▸ **DATA TO EXAMINE**:
********

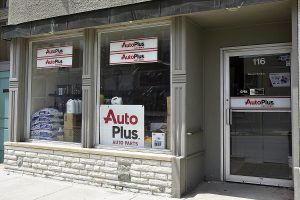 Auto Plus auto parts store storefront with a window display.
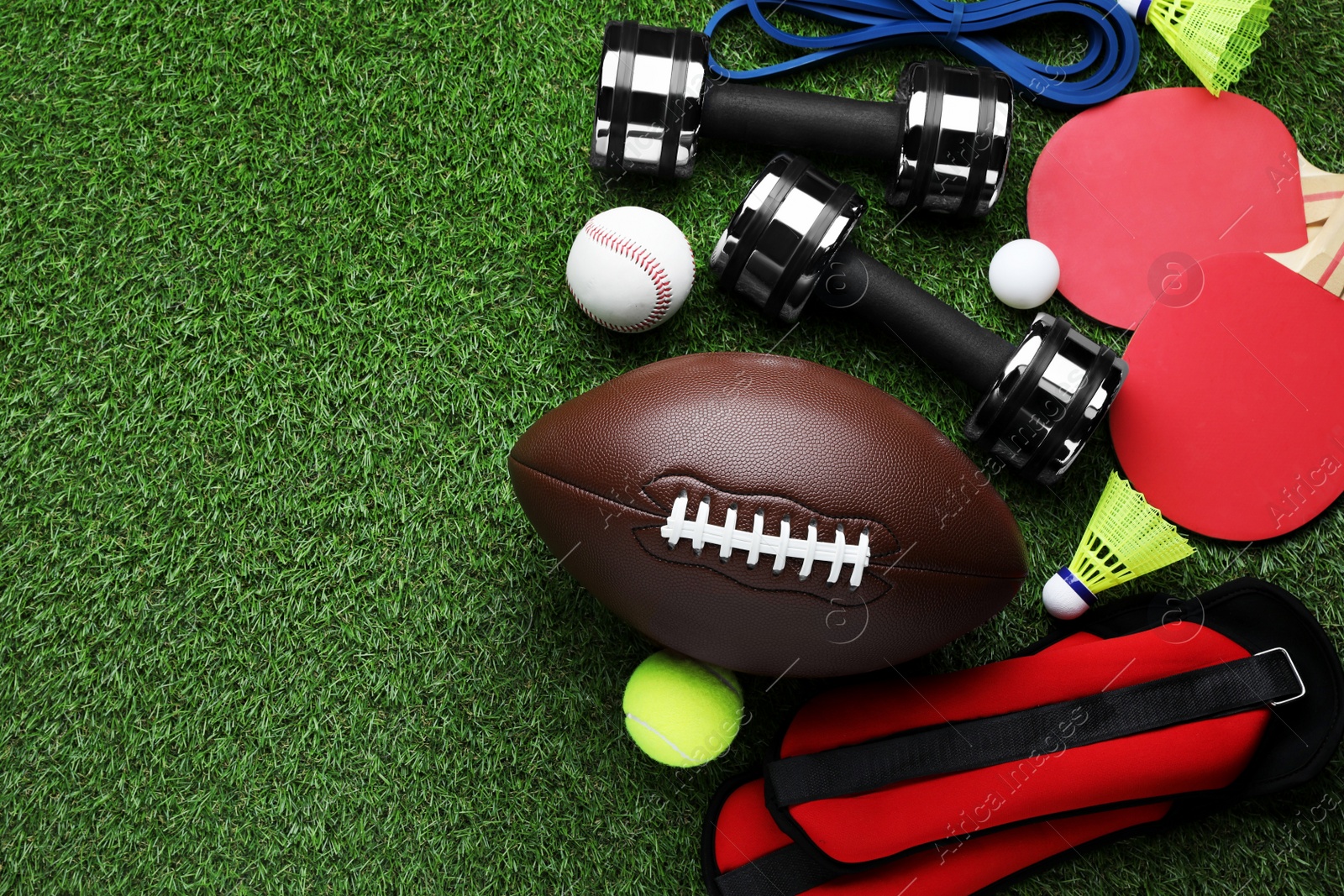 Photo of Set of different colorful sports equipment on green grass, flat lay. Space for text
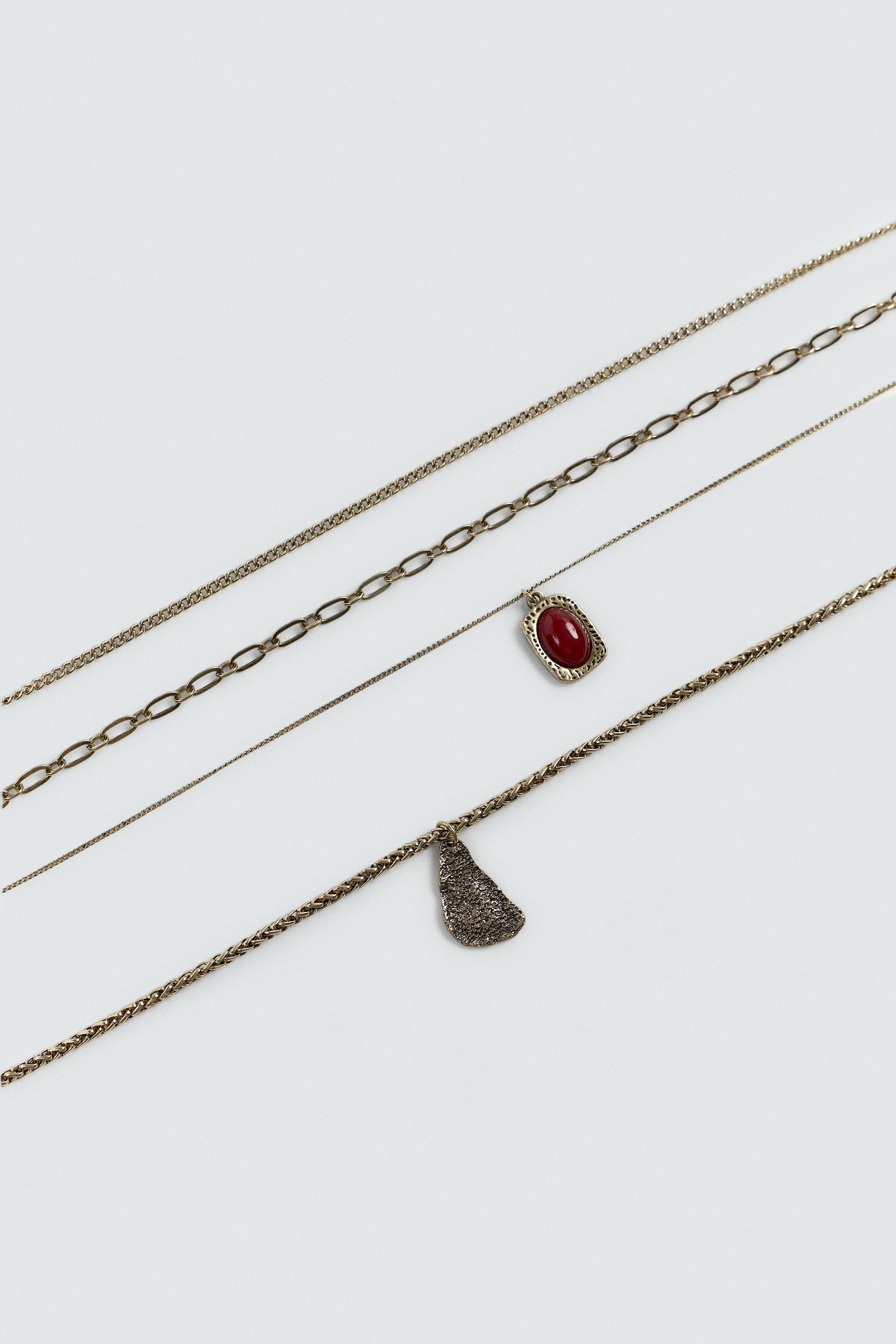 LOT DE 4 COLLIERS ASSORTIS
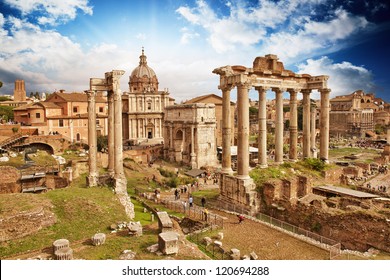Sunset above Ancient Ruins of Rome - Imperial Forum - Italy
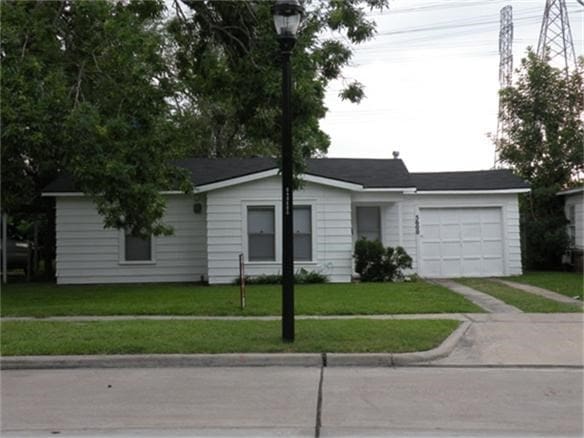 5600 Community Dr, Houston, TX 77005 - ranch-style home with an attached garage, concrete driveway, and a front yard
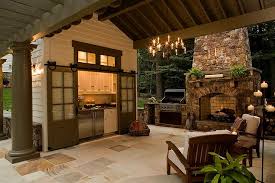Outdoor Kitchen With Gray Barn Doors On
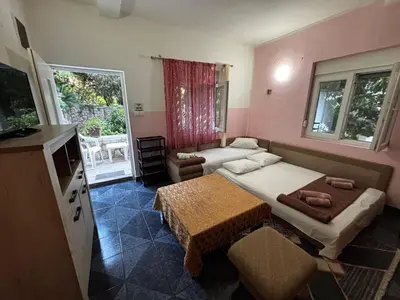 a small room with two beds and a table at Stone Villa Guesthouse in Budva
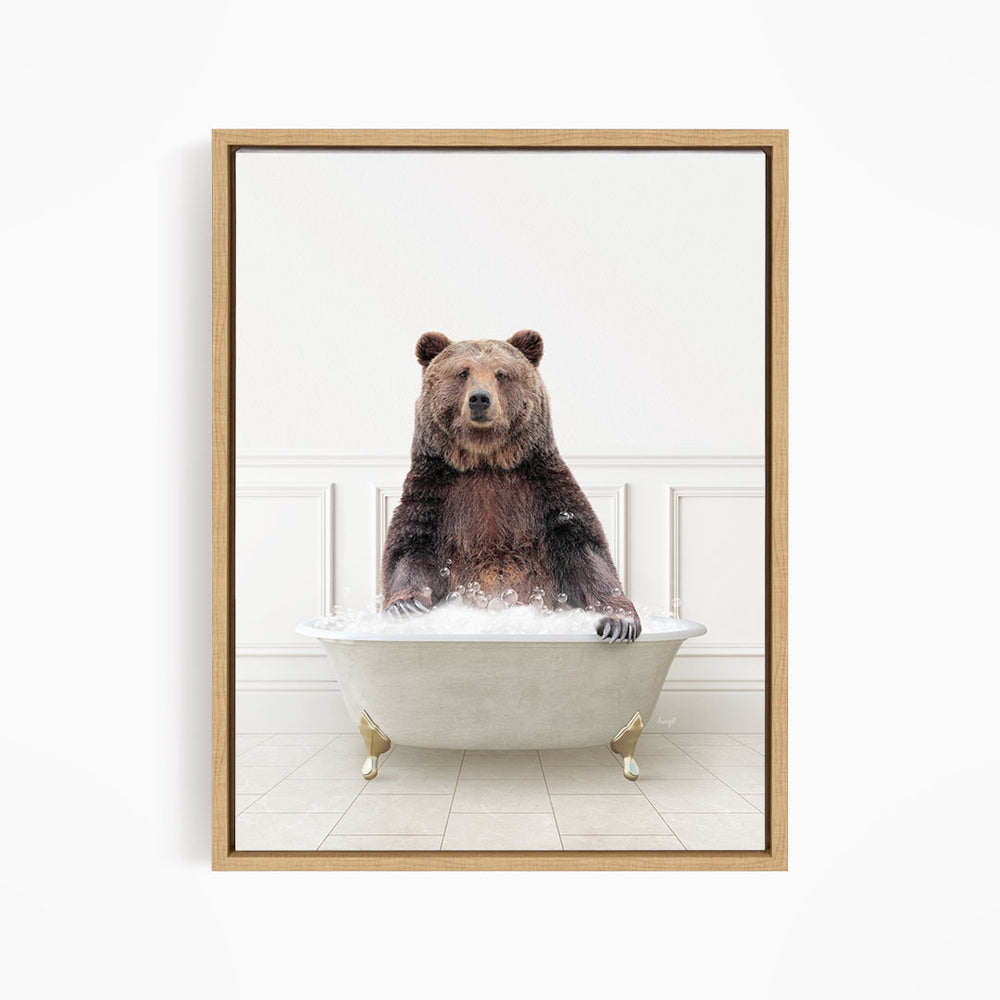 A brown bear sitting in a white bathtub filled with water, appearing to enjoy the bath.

********

▸ **GOAL OF THE EXERCISE**:
Only the lines from the one containing "5600 Community Dr, Houston, TX" to the end of the listing belong in the answer, exactly as they stand and with no pictures.

▸ **ANSWER TO THE EXERCISE**:
 5600 Community Dr, Houston, TX 77005 - ranch-style home with an attached garage, concrete driveway, and a front yard
Outdoor Kitchen With Gray Barn Doors On
 a small room with two beds and a table at Stone Villa Guesthouse in Budva
 A brown bear sitting in a white bathtub filled with water, appearing to enjoy the bath.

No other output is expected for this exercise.